Another Social Media Darling Sinks
The market continues to exhibit Year 2000 like disappointment with the latest stock market fad. Groupon Investors Give Up, Page A1. Like the dot.coms mimicking paper catalog sales, Groupon was nothing more than a local discount coupon, nothing new under the sun as they say.
The Gathering Storm of Discontent and War Clouds
The only thing that can save our daughter, my wife, and all of us is a revolution, so that's what we'll have.
Husband of Pussy Riot Defendand
The WSJ ran an editorial noting the US lack of response. On the preceding page A9 is a photo of chess champion Gary Gasparov being carried away, literally, by police from the trial. Note his comment
Such a brazen step (after being beaten up by the police Gasparov was criminally investigated for biting a police officer) should raise alarms by the leaders of the Free World are clearly capable of sleeping through any wake-up call. Worse the US called the sentence disproportionate as though free speech deserves jail time, which tells us a lot about how this Administration views dissent.
And on page A 7 don't miss Russian activists sued Madonna for $10.5M for her support of gay rights at a concert in St. Petersburg.
And in this country Gibson Guitar gets by with a mere $350,000 fine in the furor over our own Putin type excess in raiding this distinguished manufacturer.
This weekend I featured a stroll through the popular titles at a bookstore. We noted that American Sniper and Sniper Elite glorified wars that were no doubt training grounds for the real mayhem yet to come in the next bear market. Better Off Without Them advocates splitting up the USA, something that did happen in Yugoslavia. Throw Them all Out echoes the frustration of the husband quoted above. Sociocnomics holds that mood lags social action. There is plenty of negative mood out there to fuel the next world wide bear market.
WW II in Asia began with a Japanese Chinese confrontation. The South China Sea's Gathering on page A11 notes that the Chinese are sending garrisons of soldiers to extend their claim over the entire South China Sea. The US of course has done nothing which is the point of James Webb's article.
At this point I was going to transition to make the socionomic point that fifth waves are often accompanied by nostalgic look backs at previous eras. This is even more true than I might have thought. I planned to mention the 1966 release, The San Pebbles about a US gunboat in China in 1926. And lo and behold, a retrospective The Making of the Sand Pebbles was released in 2007. I learned two things from that movie. Never send one ship in harm's way (remember The Pueblo) and never take a date to a movie in in which Steve McQueen gets killed, what a downer.
And moving to my original idea of retro, Hollywood has obliged with movies based on TV series, like Mission Impossible. In addition 1930s origin comics have morphed into blockbusters featuring Batman and the 1961 creation of Spiderman. Now what else for aging Baby Boomers but Grandad as the action hero.
Expendables 2 did $29.8 M displacing Bourne Legacy.
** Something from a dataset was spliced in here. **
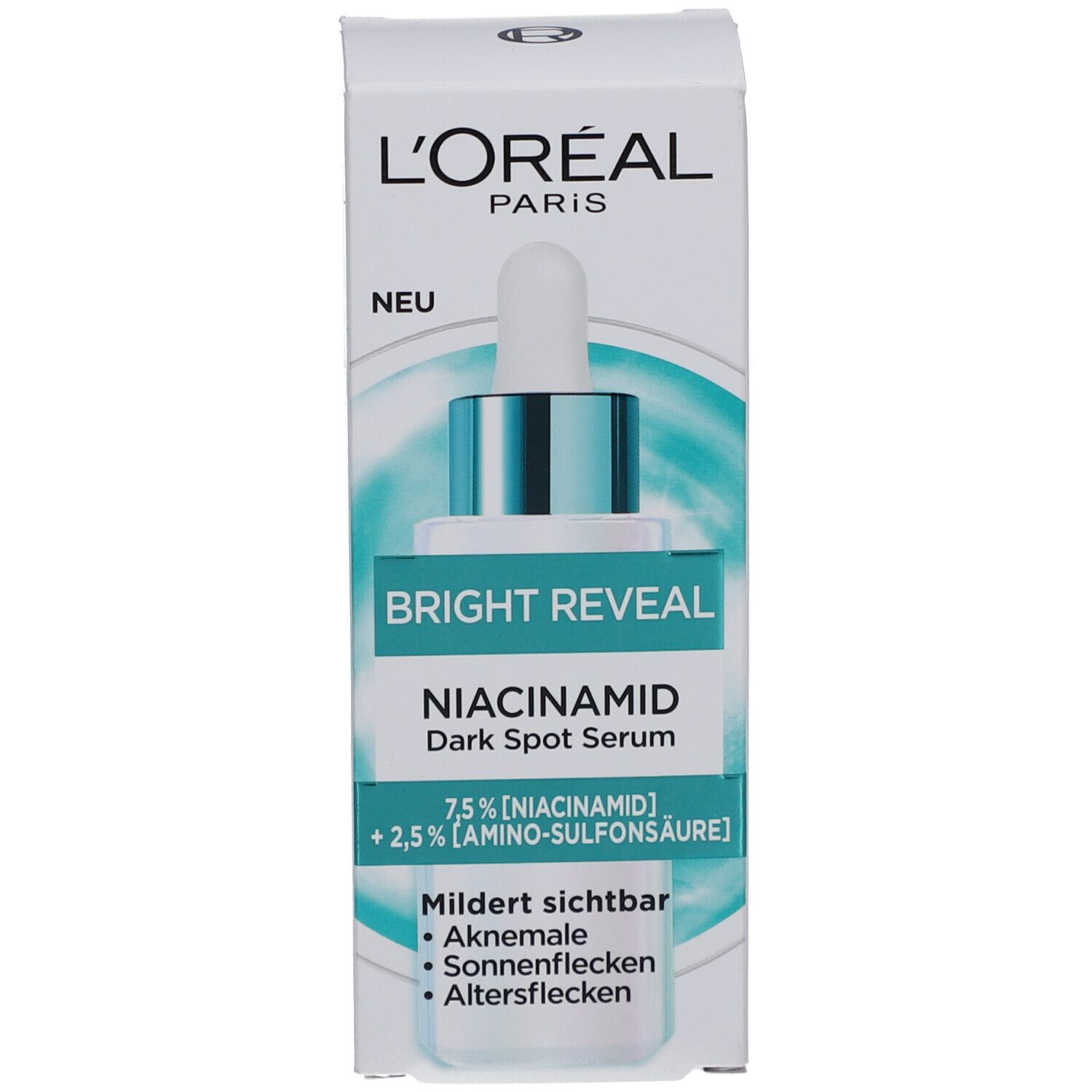 Emballage du produit. Boîte avec inscription : Bright Reveal, Niacinamide Dark Spot Serum. Contient des informations.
The cast includes just about every 1980s action star from 65 year old Arnold to 72 year young Chuck Norris. The real outlet though for such fare is overseas, the first Expendables took in a whopping $274 M. Arnold's affairs in the US are no barrier to his fans overseas. The glorification of war is a top of the market social focus. Indeed we are playing out the same sort of Viet Nam era scenario. Finally disgusted with the inability to tell the good guys from the bad, a cynical saying emerged, Kill Them All, Let God Sort it Out, concerning Viet Nam. Now the same sort of thing is occurring in Afghanistan as supposedly friendly Afghans attack the foreign forces there presumably to bring peace to the country. Once gain, the history of social mood repeats.
Apparently this series takes its name from the 1945 John Wayne film, They Were Expendable. As we say, social mood repeats but rarely remembers.
Mondays have been the weakest day of the week for stocks for several weeks now. Today seems no exception. I did notice that Spanish and italian bonds yields have fallen to six week lows. The quiet Euro rally continues.